Antwoorden op kamervragen over stijging van topinkomens
Brief | 16-07-2007 | nr FM07-1539
Aan de Voorzitter van de Tweede Kamer
der Staten-Generaal
Postbus 20018
2500 EA Den Haag
Datum
Uw brief (Kenmerk)
Ons kenmerk
16 juli 2007
2060718370
FM 2007-01539 U
Onderwerp
Vragen van de leden Karabulut en Irrgang over stijging van topinkomens
Geachte voorzitter,
In antwoord op de vragen van de leden Karabulut en en Irrgang (beiden SP) over "stijging van de topinkomens met ruim 12%", die mij zijn toegezonden per brief van 15 juni 2007 onder nummer 2060718370, deel ik u mede dat de vragen worden beantwoord als aangegeven in de bijlage.
Hoogachtend,
De minister van Financiën,
Wouter Bos
2060718370
Vragen van de leden Karabulut en Irrgang (beiden SP) aan de minister van Financi ën over de stijging van de topinkomens met ruim 12 procent. (Ingezonden 15 juni 2007).
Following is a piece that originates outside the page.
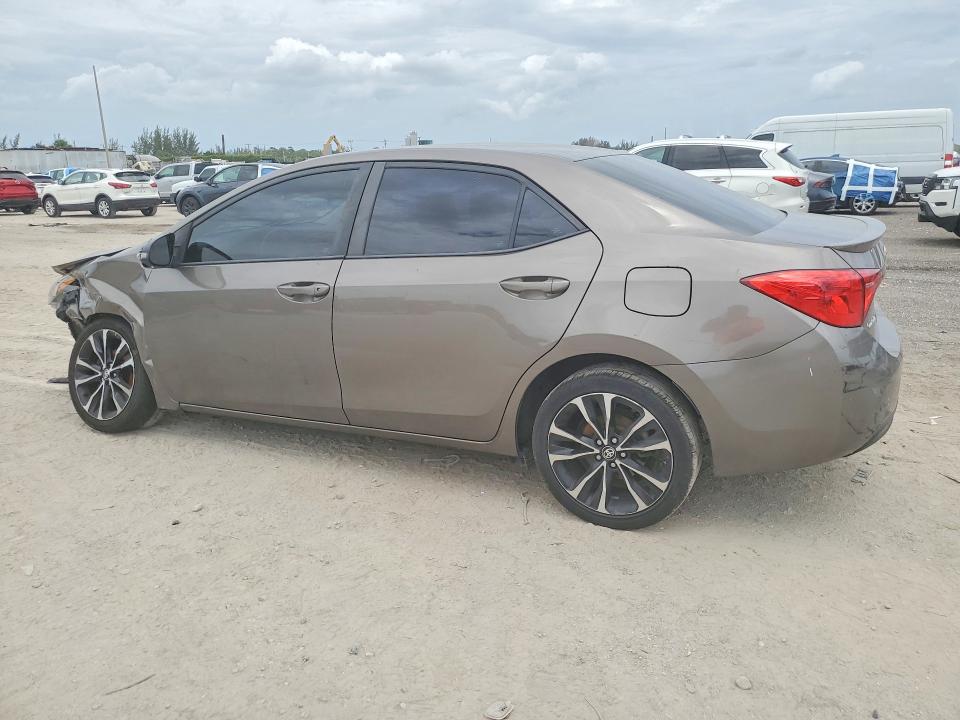 55570526 :رقم المزاد ، 2T1BURHE6JC014977 vin ، 2018 Toyota Corolla مزاد بيع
1, 2. Wat is uw oordeel over het bericht dat in 2006 de topinkomens met ruim 12 procent zijn gestegen?
Op 11 april jl. heeft een debat in de Tweede Kamer plaatsgevonden over de topinkomens. Ik verwijs dan ook graag naar datgene wat ik er in dat debat over heb gezegd.
3. Wat is uw oordeel over de salarisverhoging van 48 procent, te weten 6,3 miljoen euro of met andere woorden 211 maal een modaal inkomen, van de topman van Aegon?
De vaststelling van het beloningsbeleid en de hoogte van de beloningen is een zaak van de raad van commissarissen, aandeelhouders en andere direct bij het bedrijf betrokken stakeholders. Het is in dat verband wenselijk dat toegekende beloningen passen in het loongebouw van de ondernemingen en maatschappelijk uitlegbaar zijn. In zijn algemeenheid is het kabinet van oordeel dat, met het oog op het behoud van evenwichtige sociaal-economische verhoudingen, bij beloningen proportionaliteit en terughoudendheid (met het toekennen van zeer hoge beloningen) is geboden, zeker in nationale verhoudingen. Bij de beoordeling van de beloning van bestuurders moet tegelijkertijd rekening worden gehouden met de internationale context waarin een deel van het bedrijfsleven opereert en de daarmee samenhangende arbeidsmobiliteit van bestuurders alsmede de aantrekkelijkheid van Nederland als vestigingsland voor ondernemingen, hetgeen mede van invloed kan zijn op de (hoogwaardige) werkgelegenheid.
De Monitoring Commissie Corporate Governance Code onderzoekt momenteel de relatie tussen beloning en geleverde prestaties en zal eind dit jaar met haar rapport komen. Daarbij zal ook de relatie worden onderzocht tussen de ontslagvergoedingen en de geleverde prestaties.
4. Deelt u de mening dat de hoogte van topsalarissen ingeperkt moet worden? Zo ja, welke maatregelen gaat u treffen om de grote stijging van topinkomens in het Nederlandse bedrijfsleven in te perken? Zo neen, waarom niet?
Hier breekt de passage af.